Giorgio Sommer (1834–1914)

Uno stato come l’Italia, ormai in crisi da un trentennio, senza più identità (se mai ne ha avuta una), in cui la furbizia prevale sull’intelligenza e sul merito in base a criteri che sono garanzia di recessione culturale ed economica, è finito per ridere di sé, delle proprie malefatte, delle proprie infingardaggini, delle proprie associazioni mafiose. Di fronte alla palese impotenza nel contrastare il crimine organizzato si risponde con sorrisetti che finiscono per legittimare le peggiori associazioni delinquenziali, di fronte alla corruzione dilagante si fanno le spallucce e, nemmeno troppo velatamente, si esalta la furbizia e la scaltrezza italica. La furbizia, ed è facilmente dimostrabile, se sul breve periodo può portare qualche beneficio a pochi individui, sul medio e lungo periodo finisce per essere una vera iattura per l’intera società, in quanto finisce per far accettare de facto la prevalenza di interessi privati su quelli nazionali e statali. La furbizia cancella e irride il merito, innalza l’ignoranza denigrando le culture, falsifica la realtà storica a favore di leggende, superstizioni e pregiudizi, aizza le vittime contro capri espiatori creati ad arte, diffonde il disprezzo della bellezza, dell’ambiente, della vivibilità in nome di pseudo valori manichei che tendono a dividere il mondo in furbi e quaglioni (grosse quaglie, come diceva Guccini). Naturalmente i furbi sono coloro che aggirano le leggi, le manomettono, le calpestano e le usano contro i quaglioni. I quaglioni sono quelli a cui si dà ragione col sorrisetto di chi ha capito come si sta al mondo e che può fare a meno di studiare, sacrificarsi, impegnarsi, spendersi per gli altri, rivendicare e difendere diritti. L’idea del diritto (giuridico) per i furbi è elementare: “Tutto mi è concesso; qualora trasgredissi una legge, è palese che la legge è sbagliata e da cambiare, da rendere elastica al fine di evitare il blocco delle individuali magnifiche sorti e progressive.
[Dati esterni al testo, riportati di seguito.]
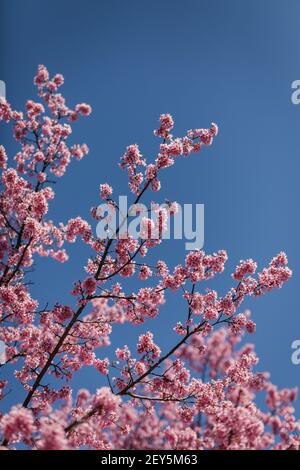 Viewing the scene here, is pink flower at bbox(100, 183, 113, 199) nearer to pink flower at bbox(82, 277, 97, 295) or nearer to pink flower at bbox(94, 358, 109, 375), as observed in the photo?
pink flower at bbox(82, 277, 97, 295)

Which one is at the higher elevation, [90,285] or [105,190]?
[105,190]

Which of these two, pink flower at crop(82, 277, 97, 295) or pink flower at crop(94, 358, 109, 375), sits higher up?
pink flower at crop(82, 277, 97, 295)

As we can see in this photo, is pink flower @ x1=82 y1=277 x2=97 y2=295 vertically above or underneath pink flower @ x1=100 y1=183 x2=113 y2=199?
underneath

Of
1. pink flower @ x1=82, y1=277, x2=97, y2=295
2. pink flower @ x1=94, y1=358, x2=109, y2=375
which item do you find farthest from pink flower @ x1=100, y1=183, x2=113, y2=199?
pink flower @ x1=94, y1=358, x2=109, y2=375

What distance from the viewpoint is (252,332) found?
1033cm

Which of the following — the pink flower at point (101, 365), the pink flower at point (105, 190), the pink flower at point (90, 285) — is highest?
the pink flower at point (105, 190)

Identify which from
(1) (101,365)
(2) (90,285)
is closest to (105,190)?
(2) (90,285)

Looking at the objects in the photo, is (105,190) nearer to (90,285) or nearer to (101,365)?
(90,285)

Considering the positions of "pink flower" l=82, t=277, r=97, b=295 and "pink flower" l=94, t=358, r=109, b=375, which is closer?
"pink flower" l=82, t=277, r=97, b=295

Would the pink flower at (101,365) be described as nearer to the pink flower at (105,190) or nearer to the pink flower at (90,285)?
the pink flower at (90,285)

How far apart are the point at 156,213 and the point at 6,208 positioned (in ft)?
15.5

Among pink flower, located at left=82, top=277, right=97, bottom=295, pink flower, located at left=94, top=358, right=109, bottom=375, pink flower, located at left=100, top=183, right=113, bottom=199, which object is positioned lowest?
pink flower, located at left=94, top=358, right=109, bottom=375

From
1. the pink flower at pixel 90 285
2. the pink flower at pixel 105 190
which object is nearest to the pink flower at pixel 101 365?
the pink flower at pixel 90 285

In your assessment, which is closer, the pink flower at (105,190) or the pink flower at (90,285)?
the pink flower at (90,285) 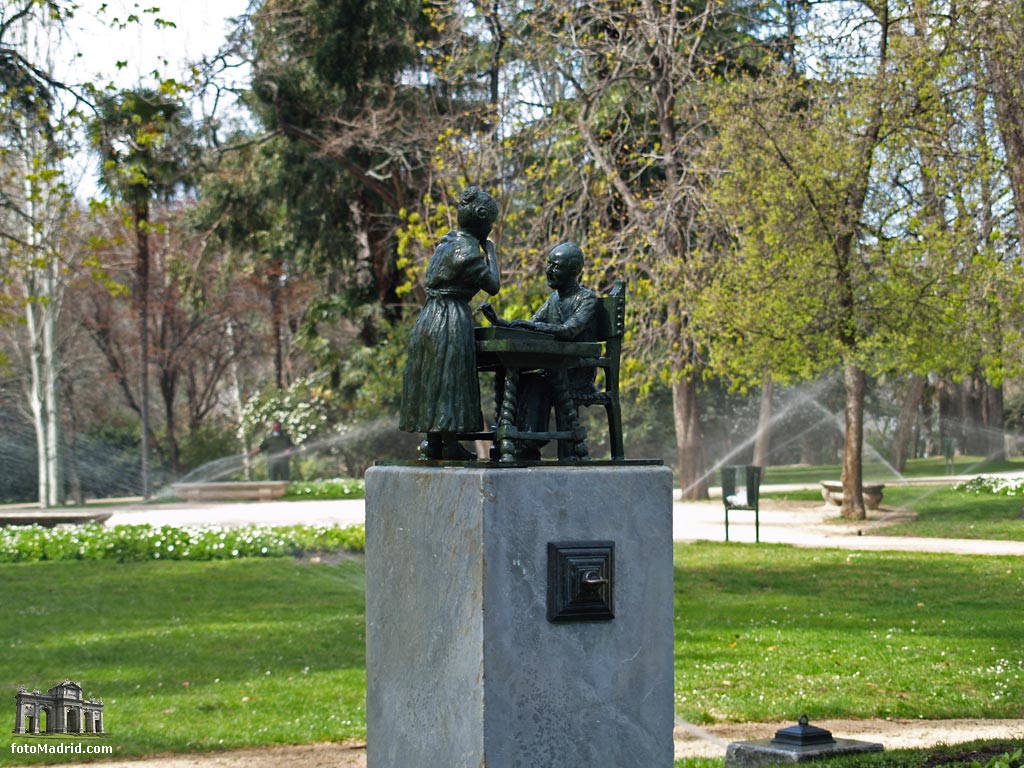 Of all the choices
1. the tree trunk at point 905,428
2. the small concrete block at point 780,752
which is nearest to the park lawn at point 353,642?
the small concrete block at point 780,752

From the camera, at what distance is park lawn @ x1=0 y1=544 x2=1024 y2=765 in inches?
320

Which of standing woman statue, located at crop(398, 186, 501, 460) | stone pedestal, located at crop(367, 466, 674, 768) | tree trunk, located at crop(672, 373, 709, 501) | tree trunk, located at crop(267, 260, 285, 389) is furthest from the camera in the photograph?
tree trunk, located at crop(267, 260, 285, 389)

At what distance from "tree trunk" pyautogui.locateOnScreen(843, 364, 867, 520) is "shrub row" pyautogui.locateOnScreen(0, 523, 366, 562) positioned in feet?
26.5

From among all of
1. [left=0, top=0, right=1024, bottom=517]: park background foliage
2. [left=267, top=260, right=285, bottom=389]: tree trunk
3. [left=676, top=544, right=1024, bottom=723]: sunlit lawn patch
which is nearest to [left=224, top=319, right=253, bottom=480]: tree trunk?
[left=267, top=260, right=285, bottom=389]: tree trunk

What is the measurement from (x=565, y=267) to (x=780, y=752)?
112 inches

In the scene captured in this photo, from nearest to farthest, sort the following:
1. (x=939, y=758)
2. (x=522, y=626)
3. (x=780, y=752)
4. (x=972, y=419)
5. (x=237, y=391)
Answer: (x=522, y=626)
(x=939, y=758)
(x=780, y=752)
(x=972, y=419)
(x=237, y=391)

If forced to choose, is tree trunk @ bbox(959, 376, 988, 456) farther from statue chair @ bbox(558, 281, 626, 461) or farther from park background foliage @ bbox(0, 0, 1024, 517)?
statue chair @ bbox(558, 281, 626, 461)

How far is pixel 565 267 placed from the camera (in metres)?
5.11

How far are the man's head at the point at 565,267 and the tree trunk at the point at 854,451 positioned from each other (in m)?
16.2

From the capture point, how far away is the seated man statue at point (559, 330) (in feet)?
15.9

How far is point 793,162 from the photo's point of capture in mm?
17578

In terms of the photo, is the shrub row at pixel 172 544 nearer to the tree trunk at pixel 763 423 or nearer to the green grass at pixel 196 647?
the green grass at pixel 196 647

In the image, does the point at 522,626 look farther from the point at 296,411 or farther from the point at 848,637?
the point at 296,411

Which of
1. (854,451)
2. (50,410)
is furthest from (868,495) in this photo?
(50,410) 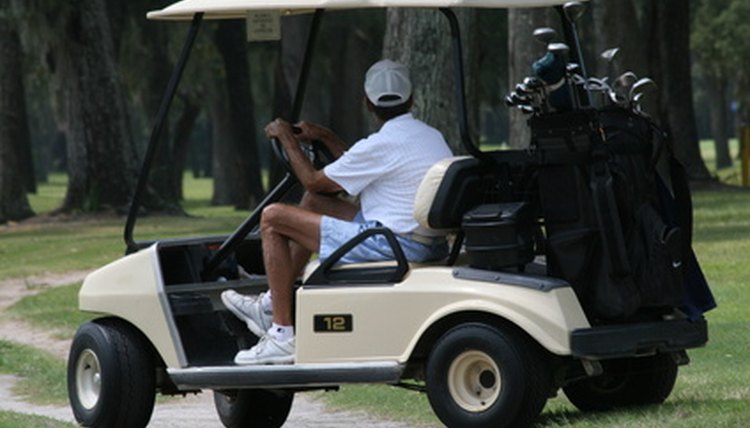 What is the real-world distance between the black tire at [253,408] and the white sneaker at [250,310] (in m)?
0.77

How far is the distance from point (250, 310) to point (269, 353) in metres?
0.36

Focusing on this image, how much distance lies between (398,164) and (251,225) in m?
0.94

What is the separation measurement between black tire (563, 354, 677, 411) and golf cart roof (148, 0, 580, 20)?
5.54 ft

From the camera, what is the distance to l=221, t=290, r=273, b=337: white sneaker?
29.7 feet

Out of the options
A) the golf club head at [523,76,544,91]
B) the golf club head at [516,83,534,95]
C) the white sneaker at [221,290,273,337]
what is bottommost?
the white sneaker at [221,290,273,337]

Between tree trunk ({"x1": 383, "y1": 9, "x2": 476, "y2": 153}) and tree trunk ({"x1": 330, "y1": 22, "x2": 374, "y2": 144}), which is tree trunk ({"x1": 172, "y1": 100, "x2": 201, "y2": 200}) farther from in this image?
tree trunk ({"x1": 383, "y1": 9, "x2": 476, "y2": 153})

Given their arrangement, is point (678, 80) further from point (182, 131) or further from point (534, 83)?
point (534, 83)

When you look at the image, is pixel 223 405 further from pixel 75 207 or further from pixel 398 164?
pixel 75 207

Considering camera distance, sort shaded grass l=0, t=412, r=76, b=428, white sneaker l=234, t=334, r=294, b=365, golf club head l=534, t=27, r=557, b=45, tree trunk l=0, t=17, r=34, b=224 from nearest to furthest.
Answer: golf club head l=534, t=27, r=557, b=45 < white sneaker l=234, t=334, r=294, b=365 < shaded grass l=0, t=412, r=76, b=428 < tree trunk l=0, t=17, r=34, b=224

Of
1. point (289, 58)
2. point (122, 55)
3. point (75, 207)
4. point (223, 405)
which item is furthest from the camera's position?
point (122, 55)

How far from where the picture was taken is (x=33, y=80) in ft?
146

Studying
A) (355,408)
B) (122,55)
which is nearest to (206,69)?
(122,55)

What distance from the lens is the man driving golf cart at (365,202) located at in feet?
27.8

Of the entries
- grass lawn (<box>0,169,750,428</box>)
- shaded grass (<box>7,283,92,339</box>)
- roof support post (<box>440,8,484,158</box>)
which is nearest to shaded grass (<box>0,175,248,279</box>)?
grass lawn (<box>0,169,750,428</box>) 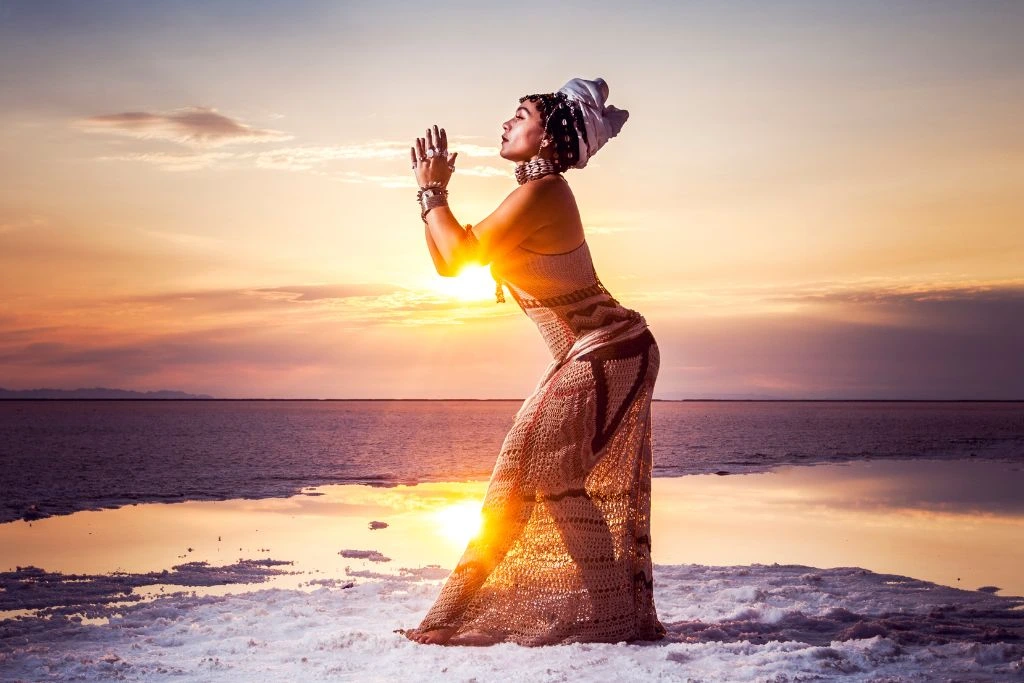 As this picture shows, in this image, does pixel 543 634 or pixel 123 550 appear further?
pixel 123 550

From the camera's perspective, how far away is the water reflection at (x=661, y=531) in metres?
8.27

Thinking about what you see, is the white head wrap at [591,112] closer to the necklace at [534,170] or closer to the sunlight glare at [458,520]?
the necklace at [534,170]

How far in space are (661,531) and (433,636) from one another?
571cm

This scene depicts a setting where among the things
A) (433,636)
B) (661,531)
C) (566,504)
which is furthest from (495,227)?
(661,531)

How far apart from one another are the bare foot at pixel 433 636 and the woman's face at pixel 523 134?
7.90ft

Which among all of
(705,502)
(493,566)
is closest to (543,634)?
(493,566)

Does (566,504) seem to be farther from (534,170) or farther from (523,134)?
(523,134)

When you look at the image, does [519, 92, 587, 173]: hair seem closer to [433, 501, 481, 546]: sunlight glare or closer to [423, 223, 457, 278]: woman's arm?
[423, 223, 457, 278]: woman's arm

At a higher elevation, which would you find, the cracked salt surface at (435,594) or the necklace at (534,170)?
the necklace at (534,170)

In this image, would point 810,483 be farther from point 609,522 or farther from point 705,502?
point 609,522

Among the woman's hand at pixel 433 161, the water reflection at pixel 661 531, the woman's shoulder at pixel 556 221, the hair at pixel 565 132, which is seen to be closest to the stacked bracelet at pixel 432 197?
the woman's hand at pixel 433 161

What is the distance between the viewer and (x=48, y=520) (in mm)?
12516

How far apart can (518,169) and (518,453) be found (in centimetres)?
145

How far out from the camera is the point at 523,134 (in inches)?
195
Quando la furbizia diventa sistema, nulla più ha senso. Non esiste legge che non possa essere elusa, non esiste uguaglianza sostanziale, non esistono istituzioni democratiche, non esiste la libera concorrenza delle menti, esiste il familismo, il nepotismo, la mignottocrazia, la corruzione, la concussione, l’affare losco, il discredito, la palude, il fango da schizzare in ogni direzione. E in questo quadro scompare la dignità e il comportamento lazzaronesco finisce per essere simpatico, come lo diventa il turpiloquio, la bestemmia, l’insulto gratuito, il parlare per iperboli, il vantare una crassa ignoranza e difendere ogni possibile infamia che possa portare un qualche giovamento economico o di visibilità. Tutto avviene in modo rigoroso e apparentemente democratico. Un cul de sac della democrazia, una rappresentazione farsesca della realtà e un ridere macabro e senza alcun divertimento reale. Un senile sghignazzamento davanti alla morte.